Luke sounds a lot like children now who crave heavily sweetened cereal, marshmallows, and Swedish fish.  Perhaps children who do not know hunger haven’t changed as much in certain respects as popular historians suppose…

Pizza Picture Books

Children should eat less pizza, according to the American medical profession.  Unless they can be coaxed into consuming pizza with more kale and less cheese…  But like junk food, pizza can be enjoyed in a picture book instead of on a plate!

Jan Pienkowski. Pizza! A Yummy Pop-up. Paper engineering by Helen Balmer and Martin Taylor. (Cambridge, MA: Candlewick Press, c.2001). Promised gift.

To some illustrators, the idea of making a pizza is an invitation to collaborate with paper engineers.  Some animals put pizza on the menu when the king of beasts announces that he is dropping by for lunch.  A penguin kneads the dough with his  feet, thanks to a pull-tab.  Other moving parts make it possible for the kitchen crew to sprinkle over the dough “creepy, crawly, tasty toppings” like caterpillars, bugs, tadpoles, worms, and a peppy frog.  A flap lets the polar bear and mouse pop the pie into the oven and close the door.  Too bad the pizza doesn’t fill up the lion…
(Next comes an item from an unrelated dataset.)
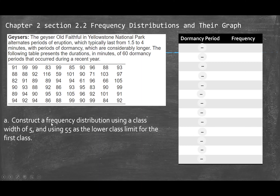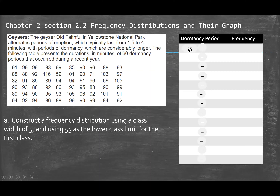The follow-up question is: construct a frequency distribution table using a class width of 5 and using 55 as the lower class limit for the first class. There are two types of problems we deal with: one where they give us the class width and tell us where to start, and another where they don't give us the class width and we have to find it ourselves. Here, the class width is 5, so every time you jump to the next class, you add 5 units, starting at 55.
William Boniface, What Do You Want on Your Pizza? Illustrated by Debbie Palen. (N.p.: Price Stern Sloan, c2000). Promised gift.

This unusual board book lets children “order” a slice from the pizza man. The laminated pages are so deep that they have recesses in the shapes of all the different toppings.  Readers can follow the suggestions for finishing the pie in the text or put what they like on it, helping themselves to the pepperoni, anchovies, and veggies in the plastic box attached to the inside of the rear board.

Cover illustration by Roberta Holms for Pizza Math (Alexandria, VA: TimeLife for Children, c1992) Promised gift.

Believe it or not, Jean-Jacques Rousseau suggested using waffles to teach children mathematical concepts. His spirit lives on in the “I Love Math” series, which tries to make the subject “a hands-on, interactive learning experience” by inventing “entertaining characters” and placing them in scenarios that “invite your child to solve math challenges.”  One of the activities in Pizza Math  is a board game called “Tic-Tac-Pizza” printed on the rear endpaper.  Ask mom for some macaroni and jelly beans and play along with the octopus in a chef’s toque and a cat in a trench coat and pink heels.

Endpapers by Sharron O’Neil.

The game Pete’s parents invented to distract him the day the ball game with his friends was rained out looks like a lot more fun than “Tic-Tac-Pizza”  and it was tested extensively by William Steig on his youngest daughter Maggie.

William Steig. Pete’s a Pizza. (New York: Michael di Capua Books, HarperCollins, 1999, c. 1998). Promised gift.

Dad picks up his sulking son off the couch and plops him down on the kitchen table so he can be made into a delicious pizza!  Once the “dough” has been thoroughly kneaded, then it is tossed into the air and stretched into a translucent circle.

Now the “pizza” can be topped with “tomatoes” (checkers) and “cheese” (bits of paper) before it is put in the “oven” (the sofa).  But by the time it is nice and hot, the sun has come out and the “pizza” runs outdoors to find his friends.

 For some people, the only thing better than eating pizza, is being one!